I have a photo, found in the Beaulieu National Motor Museum archive, of my 1946 MG TC taken in the year of its first registration. It is parked by the side of the road at the French/Italian border as its first owner finishes the paperwork. You can see the back of the car very clearly; affixed to the spokes of the spare wheel is a white stamped-aluminium oval bearing the ‘GB’ insignia.
This week, as Hagerty reported, these automotive markers of our national identity are no more, replaced instead by ‘UK’. A Government spokesperson said that this ‘symbolises our unity as a nation and is part of a wider move towards using the UK signifier across government.’ GB plates or stickers, the Government guidance states, should now be covered up or removed.
I’m in the process of restoring my MG back to how it was in 1946. I’ve found the correct Lucas headlamp lenses and fog lamp (the originals destroyed in a shunt in 1969), have some Luvax dampers on order and have even managed to track down the badges on the original owner’s badge bar. The final piece of my jigsaw was a stamped ‘GB’ plate. I wonder whether to bother now.
I know that in the greater scheme of things it is not really that important, but I think we’ve lost part of our motoring heritage this week. I’m mindful of the need to make the people of Northern Ireland feel less ostracised – half my family are from the Province – but I can think of other ways that might be more effective than something that has been in place for over 100 years.
For most of that time, we have considered ourselves a ‘great’ motoring country, at the forefront of technological advancement, racing and manufacturing.

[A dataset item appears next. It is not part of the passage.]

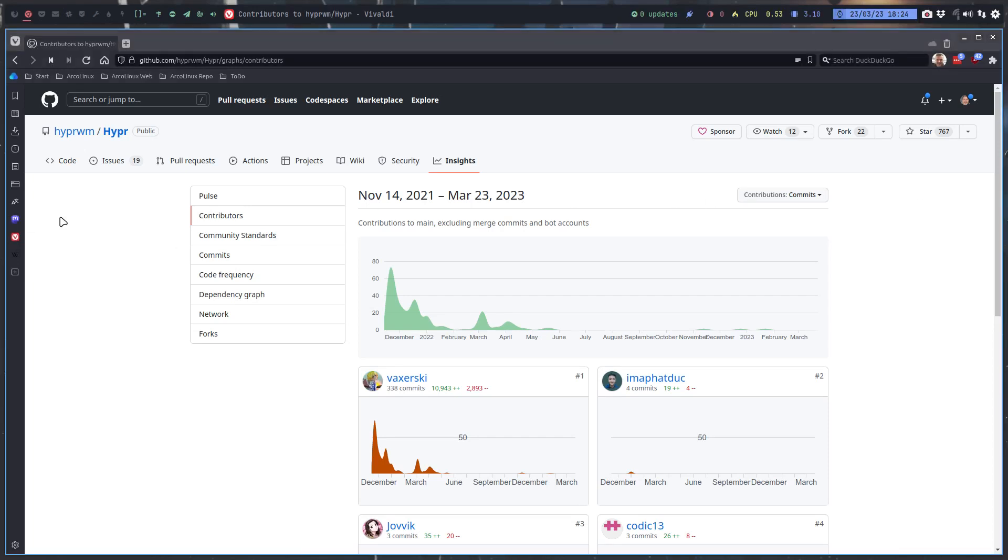Hi guys, I have some news. This is gonna be a news video about abandoning Hyper. If you take a look at the insights and the contributors, you see a high peak in December 2022 and then it's going to go down.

This seems like an admission of failure, voluntarily reducing ourselves to the bland, corporate UK ‘signifier’. It feels like we’ve just thrown away the strongest, well-established brand, as if VW suddenly decided to remove the Bentley name, or the Maserati trident was dropped in favour of parent-company Stellantis’s bland logo.
And it’s not just the beautifully stamped metal plates, many with the crests of the AA and RAC that I am going to miss: there was a rite of passage at turning up at 5am ready for your ferry, only to mutter ‘how much?’ as you grudgingly paid over the odds for your GB sticker.
Then there were the different designs. In the 1990s, I lived for a time in Germany and regularly commuted in my 1971 Alfa Romeo Spider. I fitted a very natty black oval, complete with Union Flag, that became part of the car’s identity. Others are black, silver, even separate chrome letters. On pre-war cars, I’ve even seen it hand-painted on.
One upside for anyone who spent a small fortune on a Stena Line ‘GB’ sticker that remains unused in their boot, is that one day it could become a collector’s item just as hood ornaments, RAC and AA badges have become. Even the stamped plates I’ve been watching on eBay seem to have risen slightly in price overnight.
I think I will still buy a GB plate for the MG. After all, it’s part of the car’s history, and I think it would look great. The government instructions to remove them? Just ‘guidance’ fortunately, so I think I may take my chances, and maybe keep a magnetic UK sticker in the car should I go abroad, just in case.